The kinds of inks used and designed for banner and poster Printing.
Question: An anonymous reader asks today about the types of ink that are used for printing banners and posters?
This is a pretty broad-based question as it has less to do with what is being printed versus what type of printing is being used to print the posters and banners, although material will also have somewhat to do with the type of printing being done.
With poster printing, the type of inks being used are potentially several different types, again, depending on the printer itself. If you need a short run of posters, the most cost effective way will be do have a digital printing company print you posters on a roll-to-roll wide format digital printer. The inks today, in the US, are soy-based eco-friendly inks, although you’d be hard-pressed to tell the difference between solvent and soy base inks, both by the smell and by the print quality.
Screen-printed Posters
Posters could also be screen-printed, although this method is not as common as it once was. Screen printing inks are typically soy-based also in the US (it’s the law), although there are a few types of ink within this print genre. Most commonly used would be UV, or ultraviolet light cured inks. When printing four color process (4 CP) posters, the inks are laid down successively, first yellow, then magenta, then cyan, and finally , black. You’ll often see these ink colors annotated as C-M-Y-K, which are the four colors of the 4 CP process.

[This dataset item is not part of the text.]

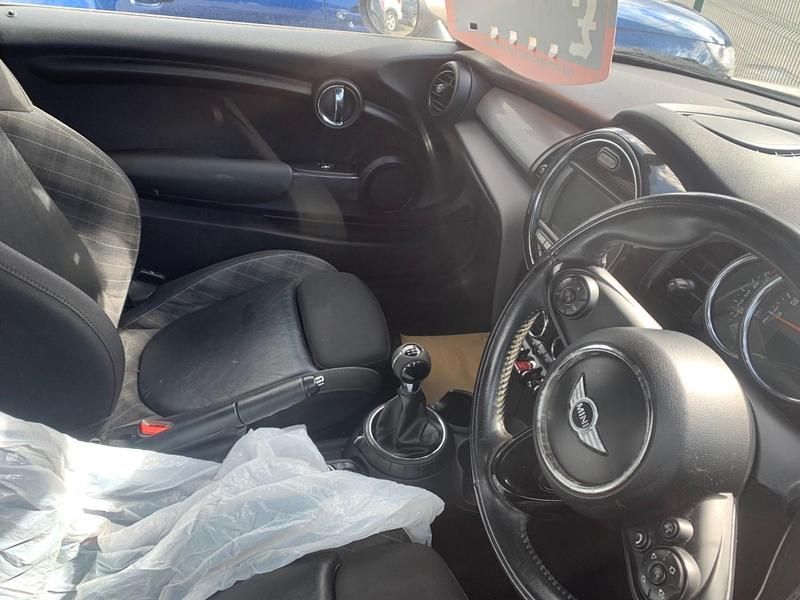 Usado Mini Cooper D Cabriolet 2017 Plateado Descapotable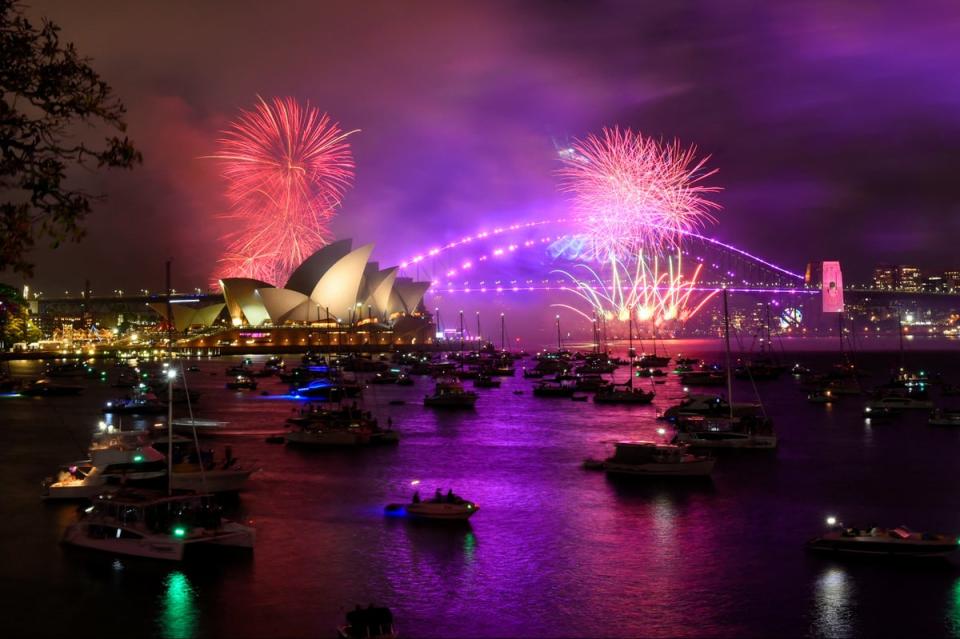Feuerwerk explodiert während der Silvesterfeierlichkeiten über dem Sydney Opera House in Sydney (REUTERS)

With screen printing, the inks have to dry between colors printed, so the UV process is really the only way to go in the modern era, though we’re seeing digital printing supplanting this process except on lower color quantity, higher quantity prints and believe screen printing will be obsoleted within a few years, although we could be wrong in this assessment. Inline screen printing presses with various print color screens can still turn out very high quantities of posters or banners even printing 4 or 6 colors, but the fastest printing is offset lithographic printing, more commonly called just offset printing.
Offset Printing for Large Posters
Again, the inks used with offset printing, by law in the US, are soy-based, but have small differences in the formulation, but the outcome is essentially the same. There are some offset printers that print very small items such business cards (although they are “gang-printed” on sheets and then sheered, typically.
There are larger format offset printers that can print large posters as well. This print process, once set up, is used for very large runs of posters. While banners can be offset print, there are size limitations that will make it so large banners are not likely to be run on an offset press. That domain is generally reserved for digital printing now, where printers can print over 16 feet in width and as long as the roll is (typically 50 yards).
So while ink will vary as far as formulations for the type of printing done, there may be only an added solvent that will make a vinyl or polypropylene banner printable that isn’t in the paper poster ink, but the differences are minimal, and most inks now are UV curable or quick drying as they come off a heater printer platen, not the slower drying inks that were around when I began in the printing business.